The play is not only full of ideas, it's full of words, and a lot of them are justly familiar. "We are such stuff as dreams are made on,/ and our little life is rounded with a sleep" -- this is from Prospero, the former Duke of Milan. Prospero also says, "Our revels now are ended," and a half-dozen other lines that are continually quoted, alluded to or borrowed today for any context whatsoever. "0 brave new world!" is Miranda's line - and it's the butt of crushing irony. "...That hath such people in it," she concludes. Miranda has just laid eyes for the first time on the shipwrecked courtiers, her father's old enemies. " 'Tis new to thee," he dryly replies. Yet this is the world Prospero is desperate to return to, so desperate he will sacrifice his magical powers to it. "And this rough magic I will abjure," he says, vowing to break his staff, a moment that generations of audiences have understood as the master playwright's own farewell to the heady magic of the theater.

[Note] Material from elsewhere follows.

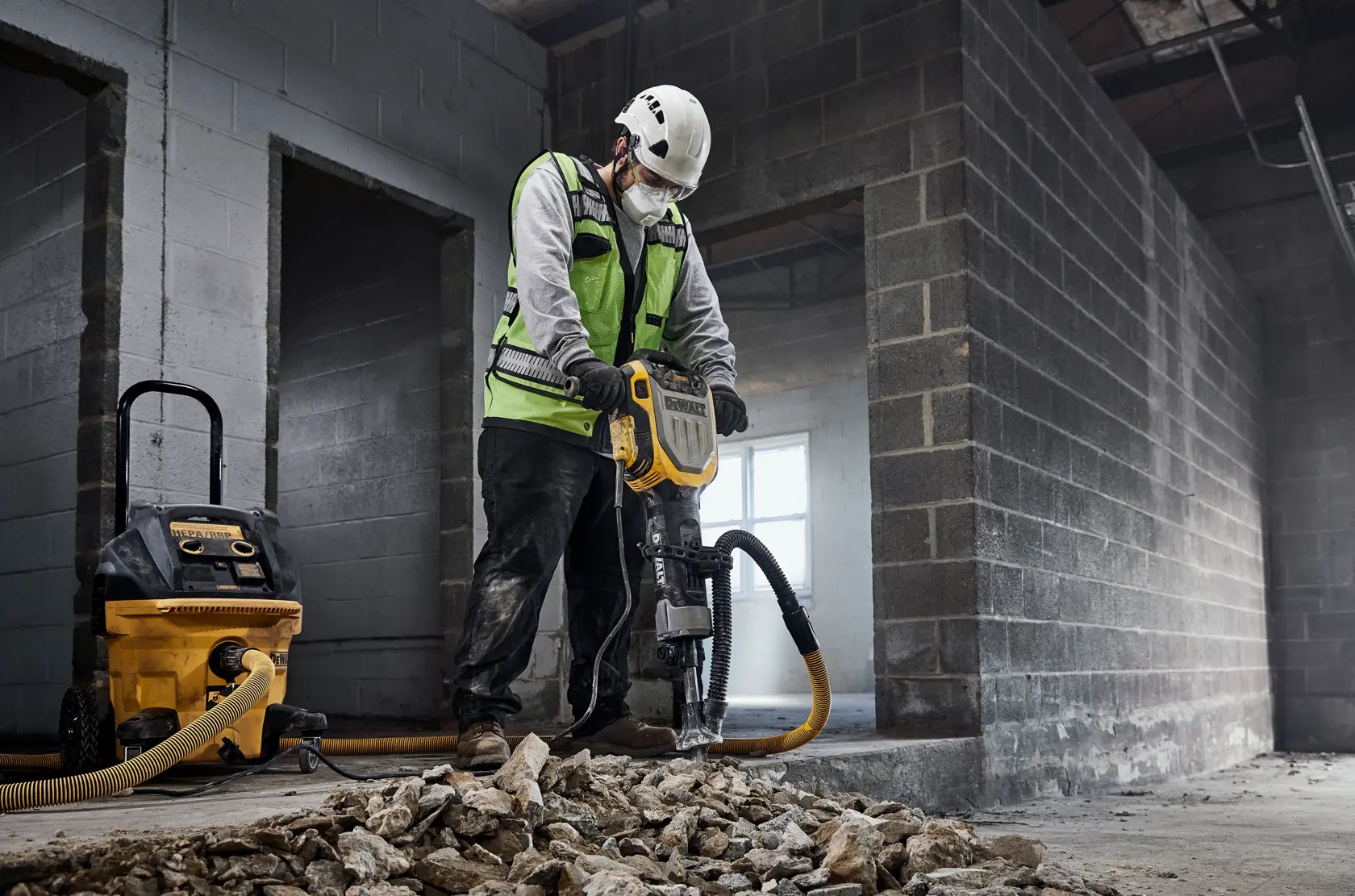 Ein Bauarbeiter mit Sicherheitsweste und Helm benutzt einen DEWALT Presslufthammer (Modell D25966), um Beton in einem unfertigen Gebäude zu zertrümmern. Ein DEWALT Staubabsauger ist an den Presslufthammer angeschlossen, und zerbrochene Betonstücke liegen auf dem Boden.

Actor Ed Szydlik, who played the role of Creon in Priscilla Beach's production of Antigone last summer, plays Prospero and gives the production the steady anchor it needs. Szydlik looks and sounds right for the part and maintains a supple command of the language throughout, no easy task. Prospero is a patriarch, a thundergod authority figure with patches of feigned and real irascibility and some striking (and puzzling) sore spots. He comes out on the right side, but to do the role its fullest justice you should be not quite sure be will, a nuance Szydlik's performance is conscious of particularly in a crucial scene with servant spirit Ariel. Ariel tells him" it would move you" to see how distraught the courtiers are from the apt punishment -- consciousness of their sins -- Prospero has conjured for them. Would you forgive them? Prospero asks him. I would, Ariel tells him, were I human. His candor tips the balance in his master's mind, but this play's Ariel, 9-year-old Maximilian Martucelli, doesn't appear aware of how important his contribution is, which is a very good reading for this line. Martucelli is wonderful as a charming sprite, clear and strong in his lines and loaded with stage presence. At 9, he can costume in glitter and cavort about the stage or slip between a villain's sword and his victim, without seeming to try too hard.
Caliban is one of the Shakespearean characters scholars are most interested in these days. The PC reading sees him as an oppressed colonial, which is a stretch. James Henderson does a marvelous Caliban, picking up right from the text's description of the witch-spawned beast-man's animalistic, deprived and also depraved qualities. His Caliban snorts, growls, cowers, cajoles, leers, threatens, and in the course of his aborted assassination plot with two drunken mariners, has a growth experience. The actor's fine voice and excellent diction show off the famous lines to advantage. "Thou hast taught me speech," Caliban complains, "and my profit on it is I know how to curse," and, "I am all the subjects you have, that first was my own king." Shakespeare lets his morally unattractive characters make a strong case for themselves (as he does, say, with Shylock), but the text still shows them clearly for themselves.
Henderson's physical comedy works well, and Karin Page and Freya Schlegel are very funny and accomplished as the drunken mariners, whom Caliban, under the same ironic wonder that lays low Miranda, mistakes for gods and heroes when the ocean drops them on his island. Jen Pentecost and Page also do a good job with, respectively, the ingenue Miranda and the windy but utopian-minded Gonzalo. Not all the supporting roles are played to that standard, and there are points when you wish the company had given into the difficulties and cut some lines.
Directed by Geronimo Sands, The Tempest plays two more weeks at Priscilla Beach Theatre in Manomet, with performances June 27-28 and July 2,3 and 5, all at 8;30 p.m. Tickets are $10.